Team
Several types of creating and on-the-job training happen at Bam’idizowigamig Creator’s Place. There is wood construction, marketing, shipping, traditional beading, ribbon skirt making, management and Wild Rice Packaging. Experience is not required. On-the-job training is provided. In the near future there will also be opportunities for entrepreneurs who wish to start their own business to have coaching and technical support at no cost.
Bam’idizowigamig Creator’s Place pays White Earth Tribal minimum wage, which is $16.00 an hour. Participants are paid weekly and can work up to 15 hours every other week (a maximum of 30 hours per month).
Pine Point area residents can apply and be placed on a waiting list for employment. Applications are available in our building at 48513 Pow Wow Hwy, Pine Point, MN 56575, 10:30am – 1:30pm on weekdays. As required by our non-profit bylaws we do give hiring preference to residents of the Pine Point area, but in all other ways we are an equal opportunity employer.

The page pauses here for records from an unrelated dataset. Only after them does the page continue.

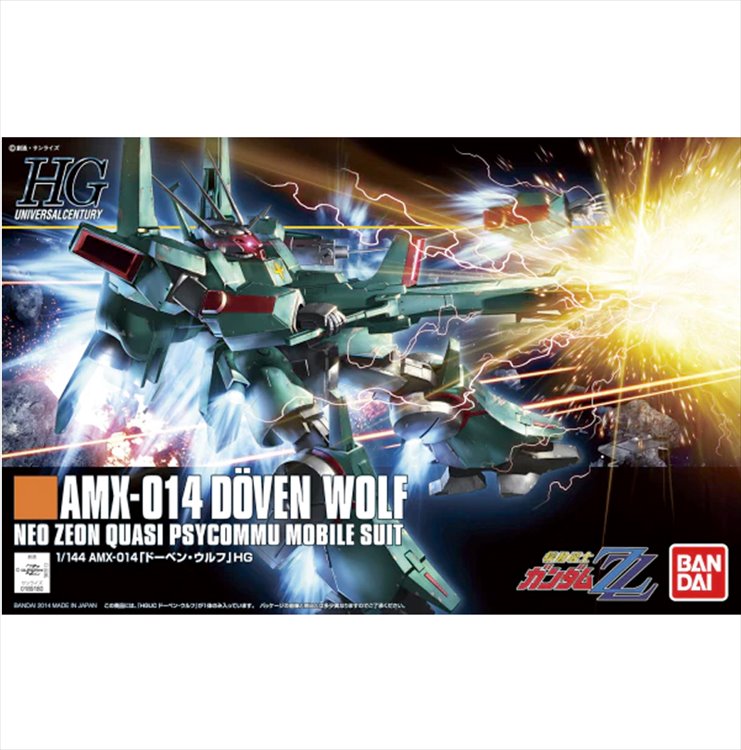 Gundam - 1/144 HGUC AMX-014 Doven Wolf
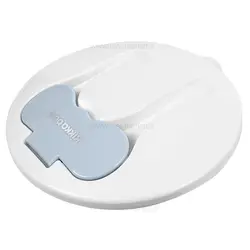 ظرف غذا چسبان و قاشق کیکابو Kikkaboo رنگ طوسی-آبی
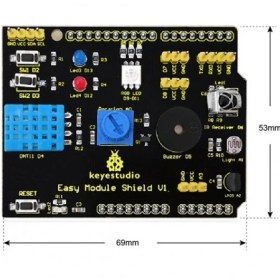 تصویر شیلد آموزشی 1*9 برای آردوینو UNO 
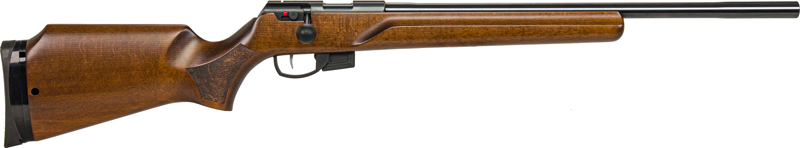 ANSCHUTZ 1761 HB MPR 22LR – 21.4″ BLUED/HARDWOOD 2-STG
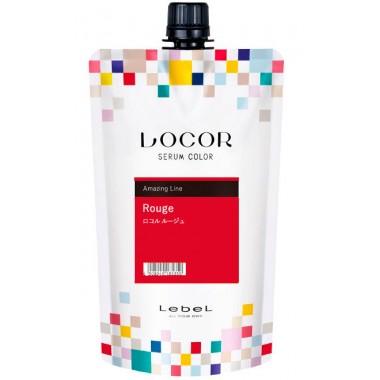 Lebel LOCOR SERUM COLOR Rouge - Краситель-уход оттеночный КРАСНЫЙ 300гр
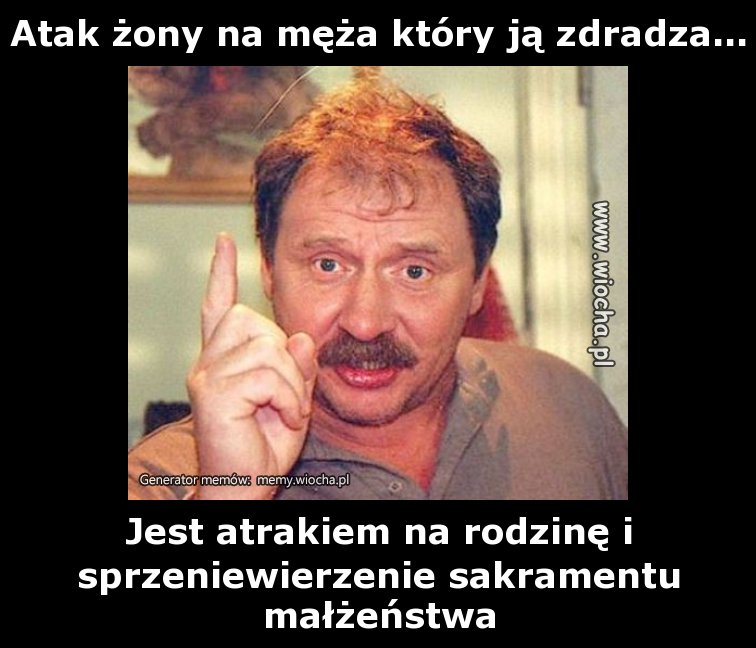 Atak żony na męża który ją zdradza...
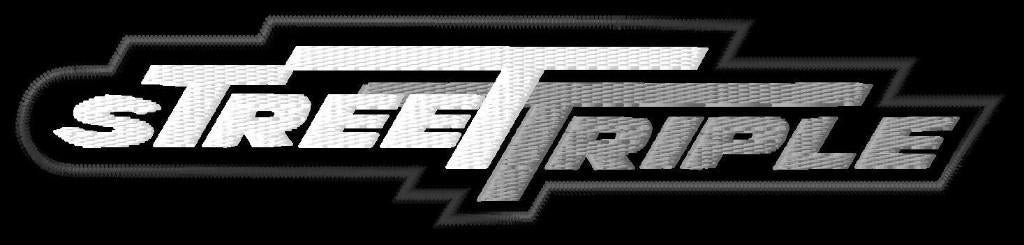 Écusson Triumph Street pour trois dimensions, 141 x 30 mm, Motos, Enlèvement ou Envoi, Neuf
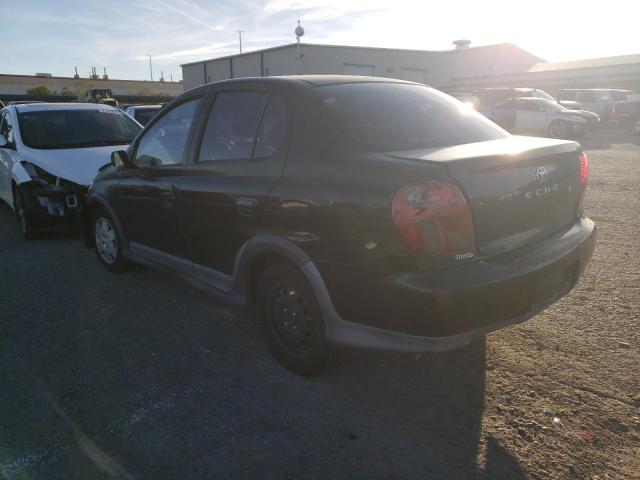 JTDBT123210200876 - 2001 TOYOTA ECHO BLACK photo 2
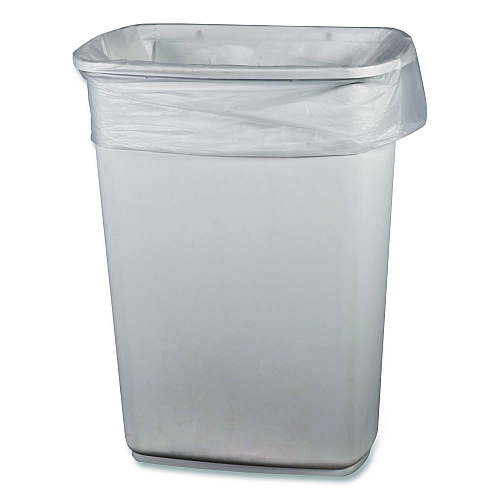 Boardwalk High-Density Can Liners, 16 gal, 8 mic, 24 x 33, Natural, Perforated Roll, 1,000/Carton (24338N)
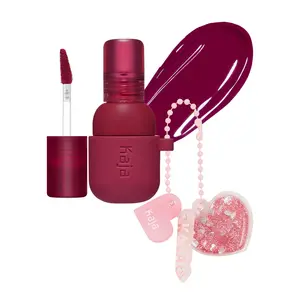 Kaja Korean Jelly Charm Lip & Blush Stain Key Chain Set | Lip & Cheek Stain, Long-lasting, Tinting Gloss Lipgloss Lip Tint, Moisturizer Plump Transfer-proof Glossy Makeup K-Beauty
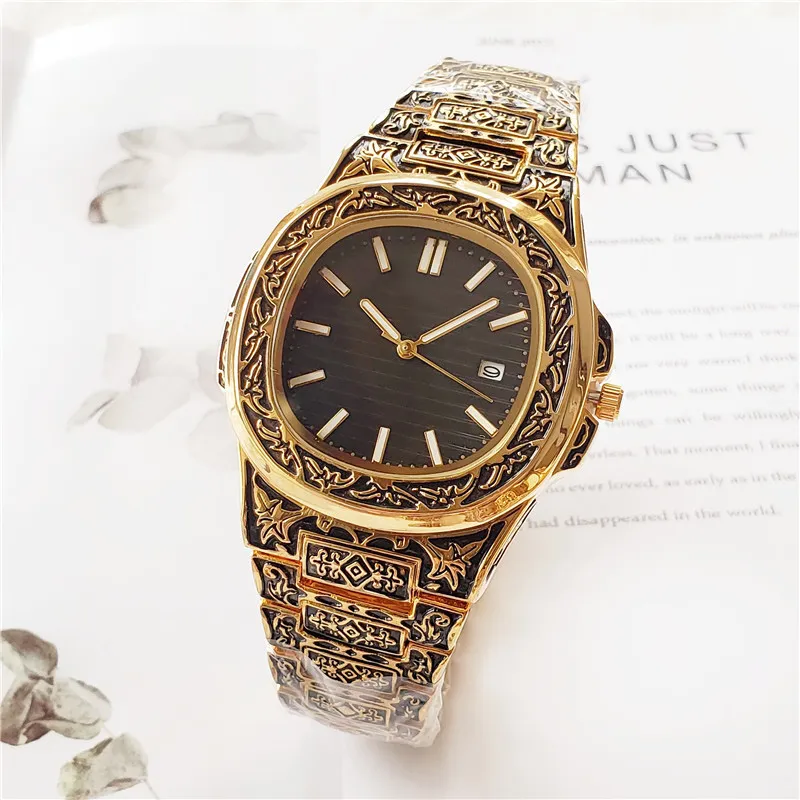 2021 Watches الترويج نماذج انفجار الكوارتز Watch منحوت Shell Square Wristwatch 295a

Photos provided by Unheard Earth, a media support non-profit organization
Board of Directors
In order to better serve the Pine Point community, Bam’idizowigamig Creator’s Place has a board of directors equipped with literally hundreds of combined years of experience in business, woodworking, sales, education, corrections, psychology, cross-cultural understanding, historical trauma and Anishinaabe heritage and history.
Jean Kruft chairs the Creator’s Place board. She has an undergraduate degree in Cultural Anthropology and a Master’s degree in Education. Jean retired a couple of years ago, but has been a teacher, administrator and education consultant. She has owned her own retail business and has done woodworking as a hobby for over 40 years. Jean has a strong desire to do what she can to provide hope, encouragement and support to her neighbors in the Point Point area.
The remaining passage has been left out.